Extra Credit felt a little boring to me without much action, but I could relate to Abby, because she lives in the same part of Illinois that I do. The book is realistic fiction, but the events could very well happen. Andrew Clements writes a lot of books about kids with school problems that most elementary-schoolers could relate to. I did when I used to read all of his books.

If you’re looking for a short, easy read, Extra Credit is for you. It’s easy to write a report on and it takes a very short amount of time to read. It doesn’t have the greatest story in the world, but it’s easy to understand.
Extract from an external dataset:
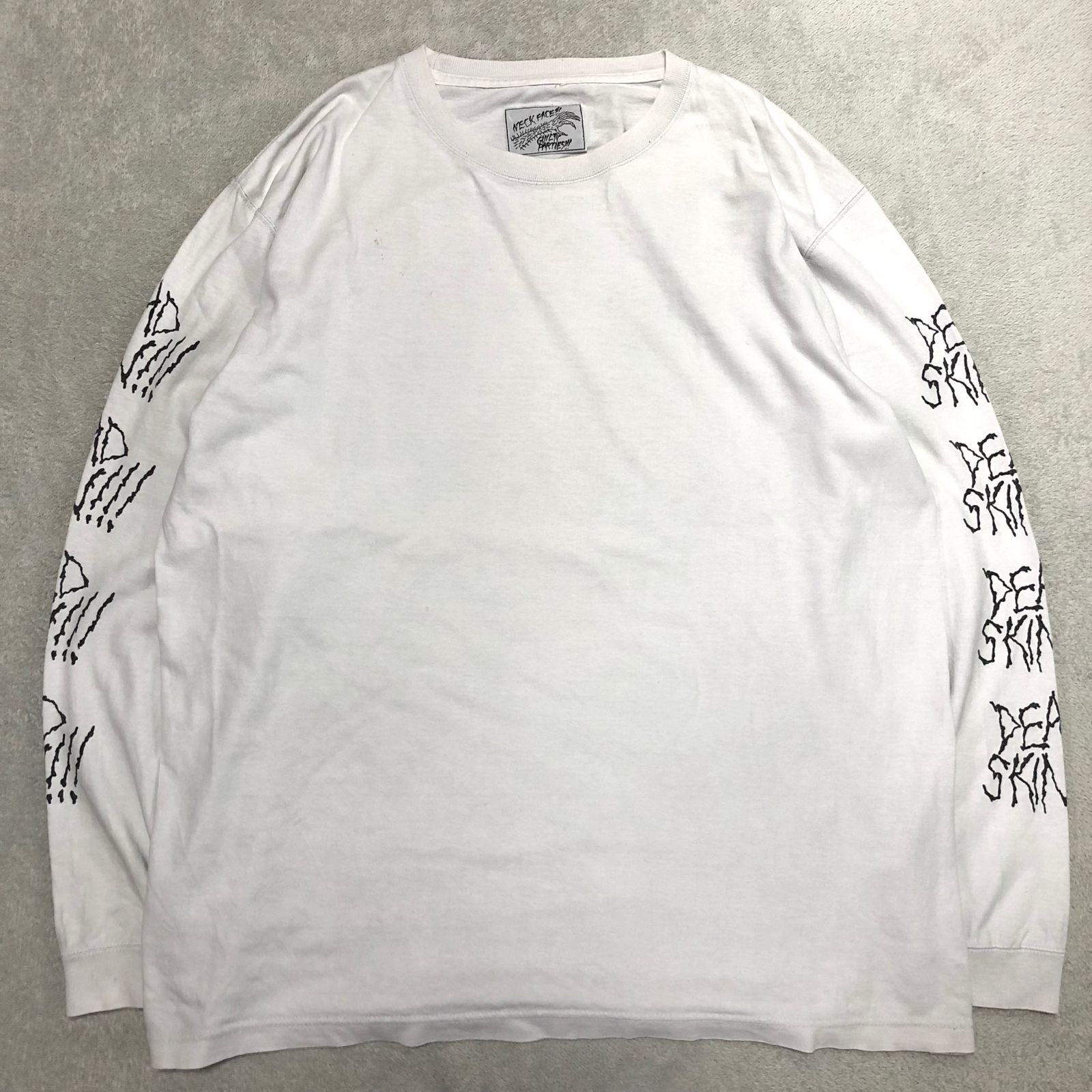 WACKO MARIA/WASHED HEAVY WEIGHT LONG SLEEVE T-SHIRT（WHITE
Maybe I’m being a little too harsh here; Extra Credit does show the great differences from the culture of Central Illinois to Northern Afghanistan. It also shows how Abby is worried about her little problems, but learns that Sadeed’s everyday occurrences completely blow away her minor discomforts. Clements showed a great knowledge of the ignorance of others that those of us with easier lives have.

The ending wasn’t quite clichéd, but it wasn’t exciting, either. The book is pretty good until the resolution. If you enjoyed Andrew Clements other books or you’re looking for a short, low-reading-level book, I recommend Extra Credit for you. Overall, I give the book a 4 out of 10.